- **Exercise**: Every line from the one holding "Emblem of the" through the last line of the records must be retyped exactly, and no other line or picture may appear in the copy.

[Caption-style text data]
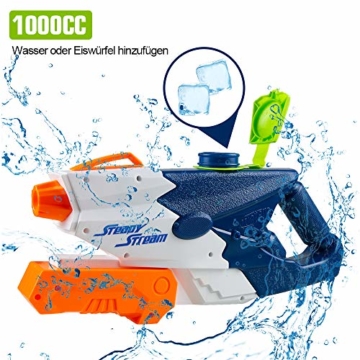 infinitoo Wasserpistole Spritzpistolen 1L, Water Gun Spielzeug für Kinder Water Blaster Badespielzeug Strandspielzeug Erwachsener(Wasser oder Eiswürfel hinzufügen) - 1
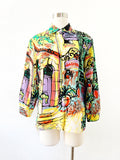 Silk Italian Village Print Blouse | Large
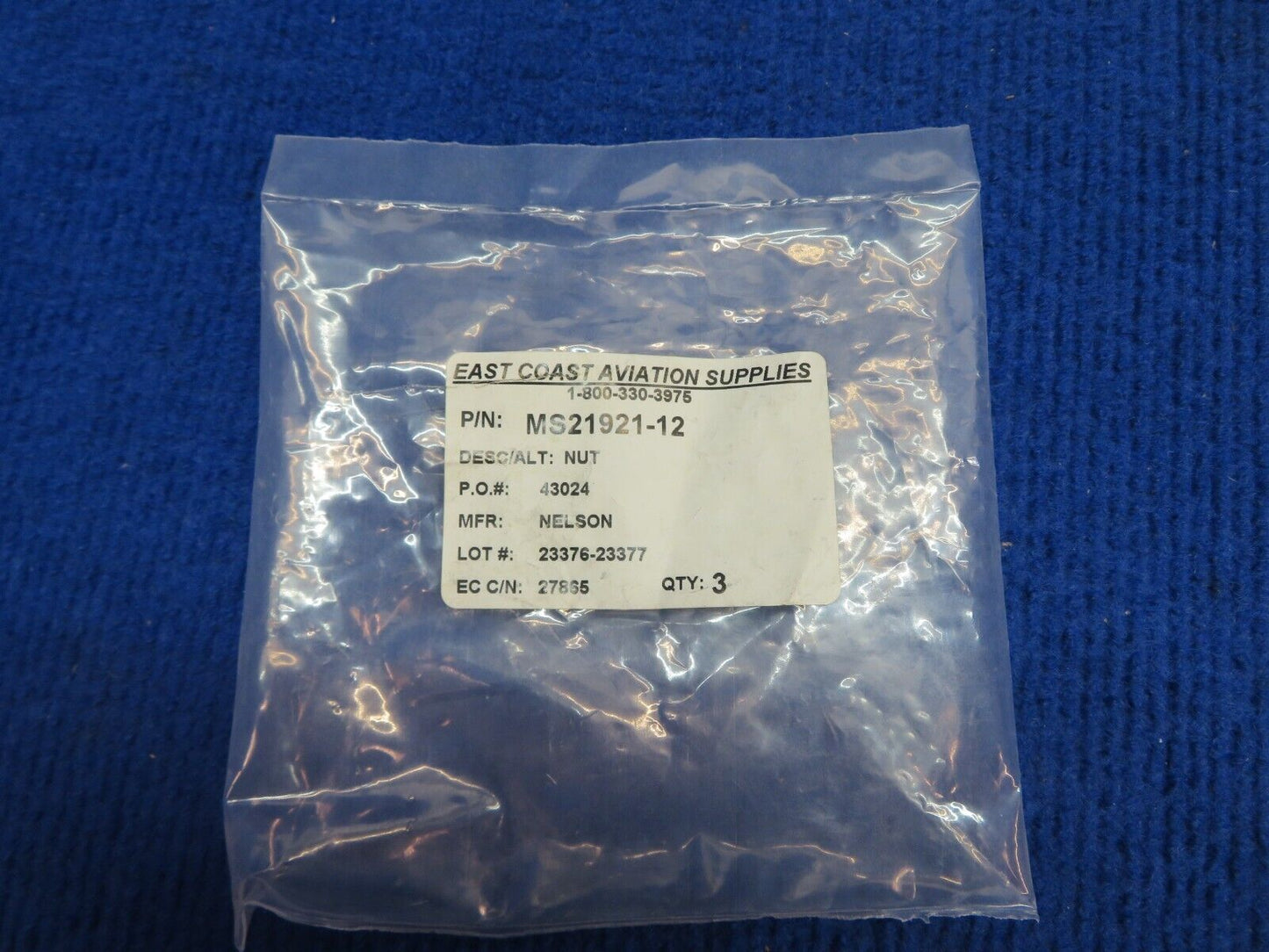 Tube Coupling Nut P/N MS21921-12 LOT OF 3 NOS (0622-362)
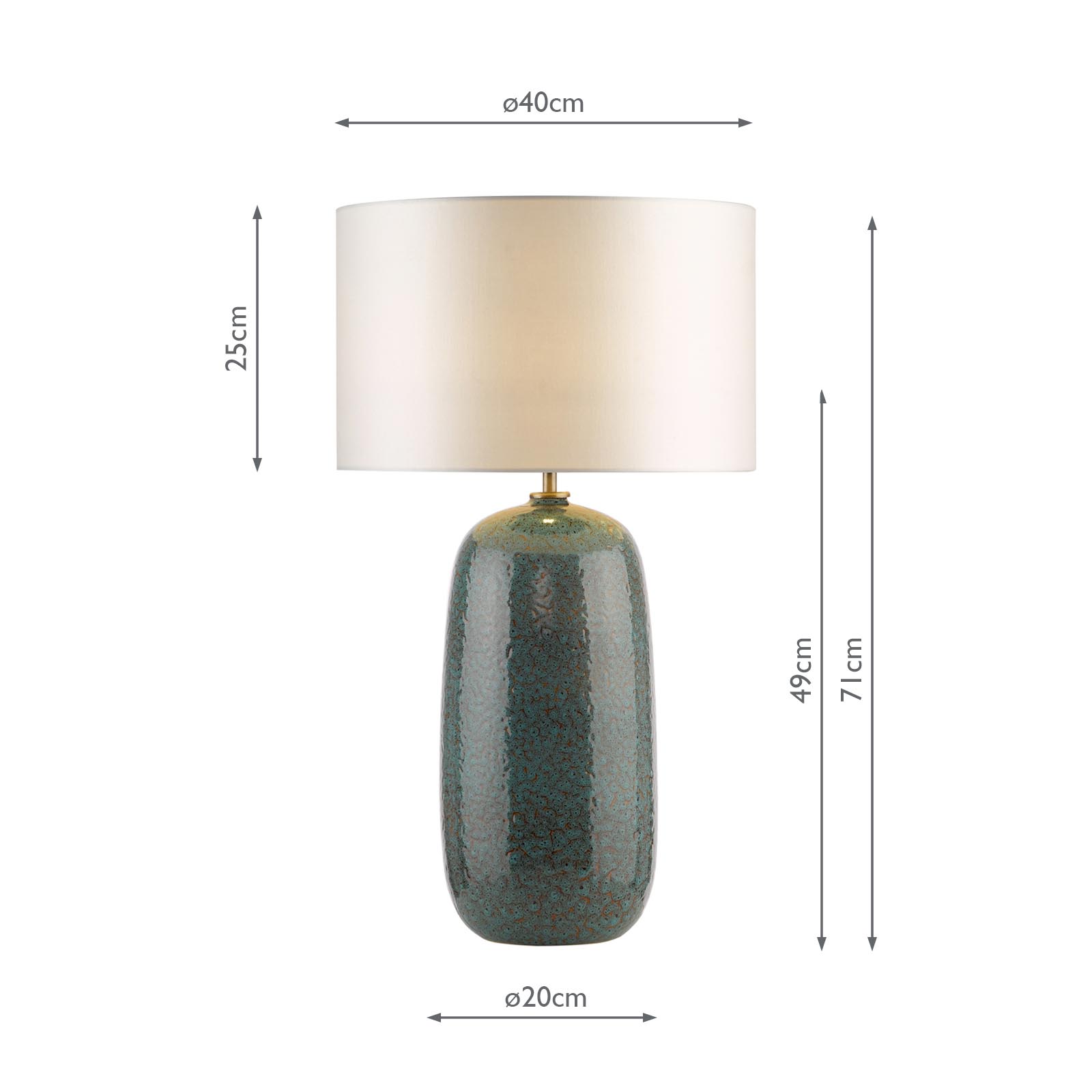 Jadis Table Lamp Blue Ceramic With Ivory Drum Shade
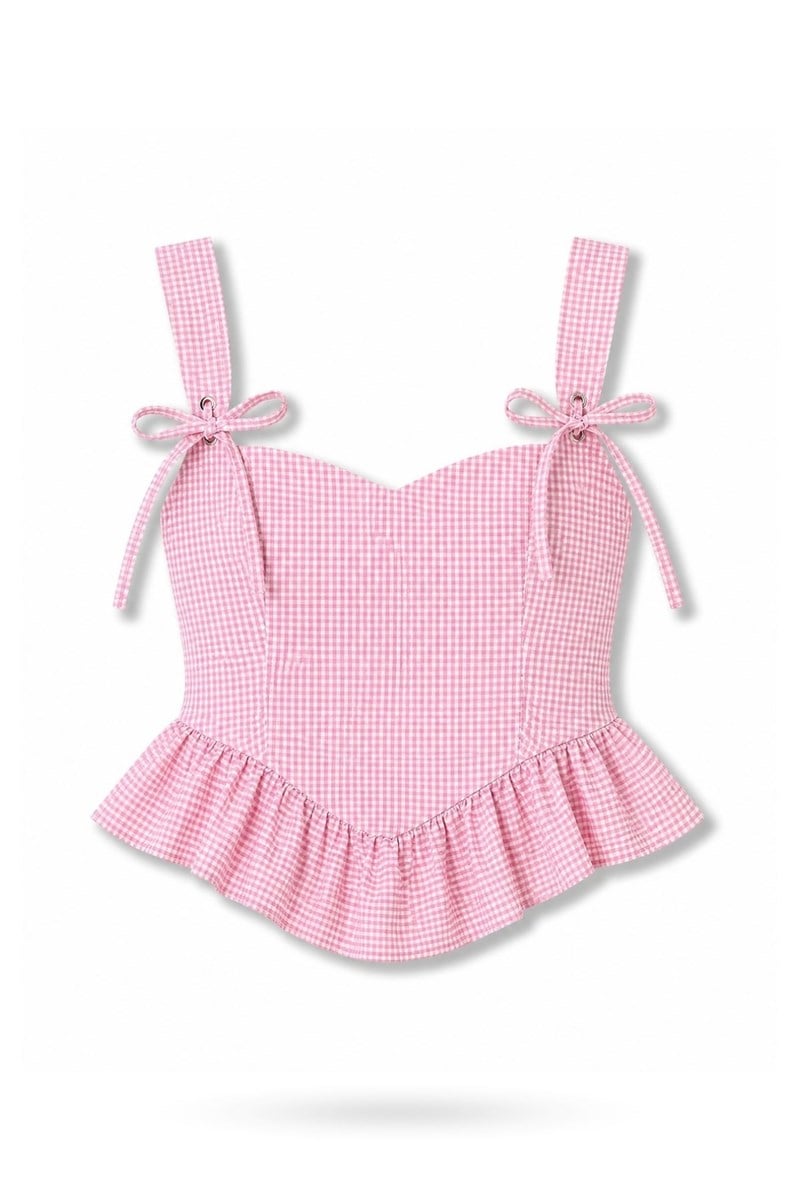 Pembe Pötikareli Büstiyer 2863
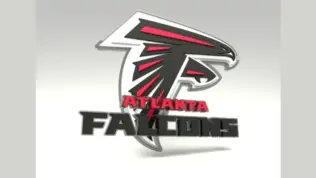 Emblem of the Atlanta Falcons. The Atlanta Falcons are a professional American football team. Template for presentation or infographics. 3D render. 3D Illustration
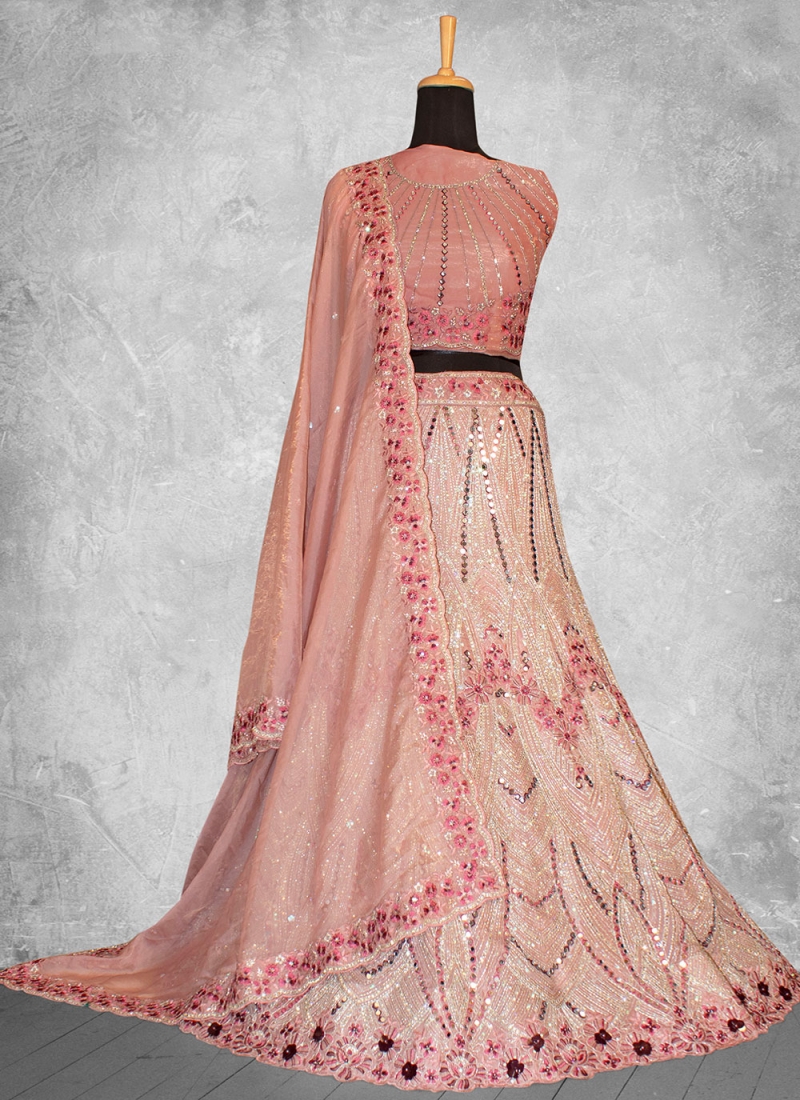 Georgette Zari Designer Lehenga Choli in Pink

- **Solution for this exercise**:
 Emblem of the Atlanta Falcons. The Atlanta Falcons are a professional American football team. Template for presentation or infographics. 3D render. 3D Illustration
 Georgette Zari Designer Lehenga Choli in Pink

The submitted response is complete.